In addition to approving the long-term debt proposal (“LTD NPR”) we discuss in another article this week, the Federal Deposit Insurance Corporation (“FDIC”) Board had a busy day on Tuesday. As we noted last week, when the FDIC provided notice for the board meeting, Tuesday’s meeting was a busy one.
In addition to the LTD NPR, the FDIC (together with the Federal Reserve Board (“FRB”)) issued proposed guidance on the filing of resolution plans (AKA living wills) required under section 165(d) of the Dodd-Frank Act. The guidance would apply to bank holding companies and foreign banking organizations with more than $250 billion in assets that aren’t already subject to the Global Systemically Important Bank (“GSIB”) Guidance issued in 2019 (basically Category II and III institutions as defined in the 2019 tailoring rule). The proposed guidance for Category II and III is largely consistent with the GSIB Guidance. Thus much of the proposed guidance does seem to presume a single point of entry (“SPOE”) approach to the resolution plans. Nevertheless, the proposed guidance does note that institutions are free to choose their approach and the proposed guidance does give some nods to institutions that have multiple point of entry (“MPOE”) plans. Notwithstanding the statement in the proposed guidance that large banking organizations are free to choose between MPOE and SPOE, there does seem to be an unstated preference for SPOE. Comments are due November 30.
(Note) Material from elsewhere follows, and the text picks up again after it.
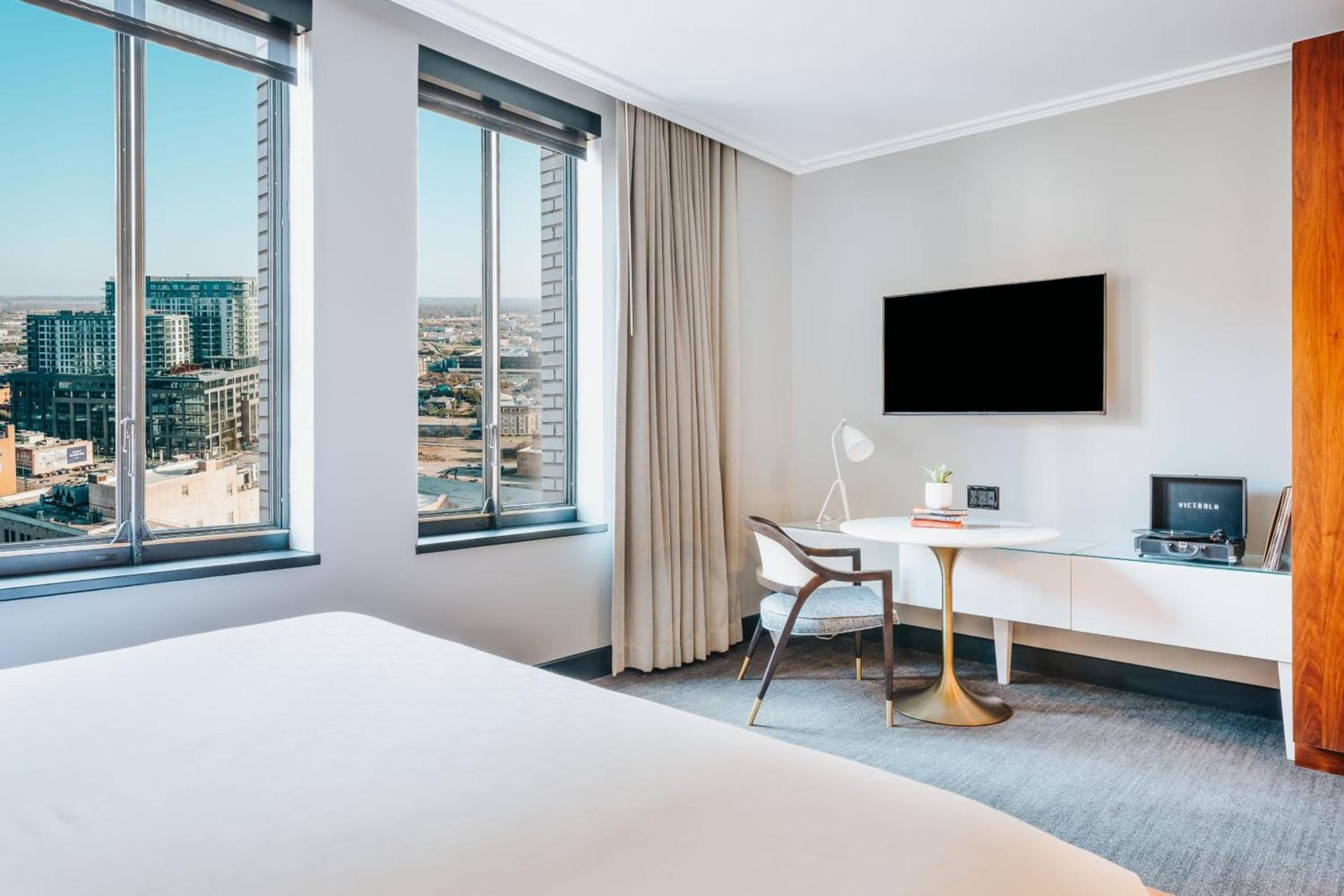 Renaissance Saint Elm Dallas Downtown Hotel photo 23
The FDIC Board also issued a proposed rule for plans for large insured depository institutions with at least $100 billion in assets (“the IDI Plan Proposal”). As part of the proposal, IDIs between $50 billion and $100 billion in assets would need to file "more limited" informational filings. The IDI plans have some similarities to the 165(d) plans, but often are focused on actions to prevent the failure of the banks rather than to wind it up. Having said that, the proposal would require more information to be reported with the FDIC as the FDIC realized with this spring’s failures that more information may have given the FDIC more optionality in resolving those three large banking organizations.
All of the proposals regarding resolvability of large banking organizations would seem to have the effect of weakening the tailor that had occurred in the last few years. Citing such lack of tailoring, Vice Chair Hill and Director McKernan voted against the proposed IDI rule.
The FDIC Board also approved updating its internal governance with regard to sales of failed IDIs with $50 billion or more in assets. This topic was the most interesting issue of the meeting for fans of parliamentary procedure. The issue, as a whole, seems to have come up at Director McKernan’s impetus, as he noted that the sale of substantially all of First Republic Bank was an action that did not need FDIC Board approval. To address Director McKernan’s question about more Board involvement in sales of assets out of receivership, the procedures that did pass do require more information to be shared by staff with the Board, and gives the Board a mechanism to require a vote of the Board if a majority of the Board asks for it, but do not mandate a Board vote. Director McKernan offered his preferred approach as an amendment in the nature of a substitute to the proposal by staff. Director McKernan’s amendment failed in a 3-2 vote. The change to FDIC procedures passed on a 4-1 vote with Director McKernan voting against. Wherever one might land on the competing policy positions, the debate did at least show a well-functioning Board.